An earlier entry lamented the fact that there is no Arabic etymological dictionary; a Russian LJ site picked up on this and a commenter provided the following list of alleged counterexamples:

Murad Faraj
Multaqay al-lughatayn al-`Ivriyah wa-`al-`Arabiyah [The unity of the two Semitic languages Hebrew and Arabic, an etymological comparative dictionary].
Cairo: Al-Matba`ah al-Rahmaniyah, 1930-1937. 3 v.

Abd Allah Bustani
al-Bustan, oahoa mujamoun lugaouioun [The garden: an etymological dictionary].
Beirut: El matbaa el amrikia, 1927-1930. 2 v., 2784 p.

Jubran Mas`ud
al-Ra’id,
mu`jam lughawi `asri rutibat mufradatuh wafqan li-hurufiha al-ulá
Beirut: Dar al-`Ilm lil-Mallayin, 1965. 1637 p.

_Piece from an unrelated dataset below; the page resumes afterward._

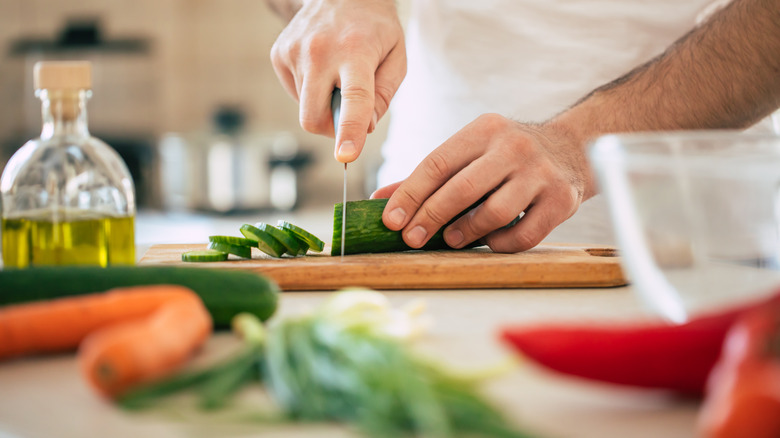 Chef's knife cutting vegetables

Avraham Shtal; Avraham Robinzon
Milon du-leshoni etimologi le-`Arvit meduberet ule-`Ivrit [Bilingual etymological dictionary of spoken Israeli Arabic and Hebrew].
Tel-Aviv: Devir, 1995. 2 v., 711 p.

I wrote Professor Alan Kaye (who’s done etymological work on Arabic) asking "if any or all of these are genuine scholarly works," and he responded "None of these are scientific etymological dictionaries as exist for other languages, such as English, which give the Proto-Germanic and Proto-Indo-European etyma." So the problem still stands: there are no reliable/scientific etymological dictionaries for Arabic.